Quantum computing has hit the spotlight. This breakthrough technology keeps surpassing the hard limits that surround conventional silicon computing technology. That being said, there are still major hurdles to undertake. One of the most vexing is that we don't even truly fully understand quantum phenomenon yet. To understand why, we have to look back.
Compared to the quantum realm, the world of classical physics is easy to understand. Rockets, bullets, and race-cars are designed from understanding equal and opposite reactions. When Newtonian laws of physics were first presented, it was a long, long time before a different idea of physics would begin to challenge it's primacy. We simply weren't far enough along in mathematics, or many of the sciences to see that there were conditions when particles didn't act as simply as billiard balls.
The ideas that challenged the billiard ball notion, developed into what's become known as quantum physics. The basis of most of quantum physics came from physical uncertainties which predominate the atomic world. Wave particle duality was discovered to be fact, experimentally. Many of the phenomenon seen to occur on the particle level seemed to happen by chance. Most of the quantum laws that were formulated seem to reflect that. Some of the great thinkers in science during the early years of quantum theory even suggested that nature was ruled by probability waves.
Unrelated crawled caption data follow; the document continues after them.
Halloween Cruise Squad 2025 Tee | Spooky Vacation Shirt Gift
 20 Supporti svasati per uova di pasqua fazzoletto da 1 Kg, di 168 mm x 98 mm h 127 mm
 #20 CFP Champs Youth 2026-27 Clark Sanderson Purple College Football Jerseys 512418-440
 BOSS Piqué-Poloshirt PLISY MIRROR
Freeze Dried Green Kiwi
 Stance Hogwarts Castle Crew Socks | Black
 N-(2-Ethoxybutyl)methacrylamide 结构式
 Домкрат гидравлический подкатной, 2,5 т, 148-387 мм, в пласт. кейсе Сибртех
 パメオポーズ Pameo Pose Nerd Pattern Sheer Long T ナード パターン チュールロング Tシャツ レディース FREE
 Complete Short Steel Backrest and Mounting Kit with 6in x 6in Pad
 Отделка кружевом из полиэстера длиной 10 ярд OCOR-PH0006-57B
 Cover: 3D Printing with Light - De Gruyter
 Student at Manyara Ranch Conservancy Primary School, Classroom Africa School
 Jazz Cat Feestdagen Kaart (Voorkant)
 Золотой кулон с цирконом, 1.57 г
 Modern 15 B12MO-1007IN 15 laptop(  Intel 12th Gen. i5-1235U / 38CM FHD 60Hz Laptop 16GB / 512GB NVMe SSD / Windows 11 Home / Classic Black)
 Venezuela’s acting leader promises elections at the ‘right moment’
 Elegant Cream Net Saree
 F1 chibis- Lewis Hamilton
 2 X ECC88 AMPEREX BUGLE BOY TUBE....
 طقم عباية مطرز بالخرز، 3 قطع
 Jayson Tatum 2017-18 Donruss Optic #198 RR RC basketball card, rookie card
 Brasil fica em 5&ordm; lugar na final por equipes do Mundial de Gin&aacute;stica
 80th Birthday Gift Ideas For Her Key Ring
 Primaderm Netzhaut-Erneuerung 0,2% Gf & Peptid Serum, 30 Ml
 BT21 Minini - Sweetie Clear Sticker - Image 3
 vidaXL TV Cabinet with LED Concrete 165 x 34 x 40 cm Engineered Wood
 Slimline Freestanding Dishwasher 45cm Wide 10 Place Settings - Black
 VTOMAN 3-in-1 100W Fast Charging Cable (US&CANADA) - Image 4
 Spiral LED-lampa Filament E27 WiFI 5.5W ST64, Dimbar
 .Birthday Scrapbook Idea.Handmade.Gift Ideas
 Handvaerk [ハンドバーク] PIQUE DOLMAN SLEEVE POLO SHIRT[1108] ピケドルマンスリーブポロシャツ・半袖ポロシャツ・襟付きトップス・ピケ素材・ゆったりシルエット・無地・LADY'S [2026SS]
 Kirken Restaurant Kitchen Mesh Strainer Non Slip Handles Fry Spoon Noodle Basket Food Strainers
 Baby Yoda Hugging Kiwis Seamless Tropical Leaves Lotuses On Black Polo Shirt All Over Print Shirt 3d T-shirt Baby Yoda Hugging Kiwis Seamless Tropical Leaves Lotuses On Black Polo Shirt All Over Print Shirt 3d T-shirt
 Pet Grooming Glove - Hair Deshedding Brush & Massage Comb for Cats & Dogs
Then, just as quantum laws started to be the basis of breakthroughs, such as the transistor and the laser, many suggested that Lorentz equations of regular fluid dynamics would apply equally well. Experimentally, this has actually been verified in a limited sense. But there is a hitch. It doesn't apply to quantum entanglement. The independent experimental verification of entanglement and supplemental facts (such as the newly verified speed of entanglement) have been routinely ignored by those launching the attack against the quantum revolution in thought.
Another revolution is occurring within quantum physics itself, before the final breakthroughs in quantum computing and other quantum technologies present themselves. This is the quantum information theory. As string theory challenges the standard model, it also has the potential of updating and renewing quantum theory.
My Own Contribution
As a string vibrates, as it is predicted to do, interactions with space-time would cause the formation of an indeterminate wave. This quantum information wave is of such phenomenal importance that it should be named as the string and the quark were before it. I would call it the "quib." Quantum information bit.
When the facts become clearer, I hope that my humble submission and predictions will be considered by those formulating the next great quantum theory.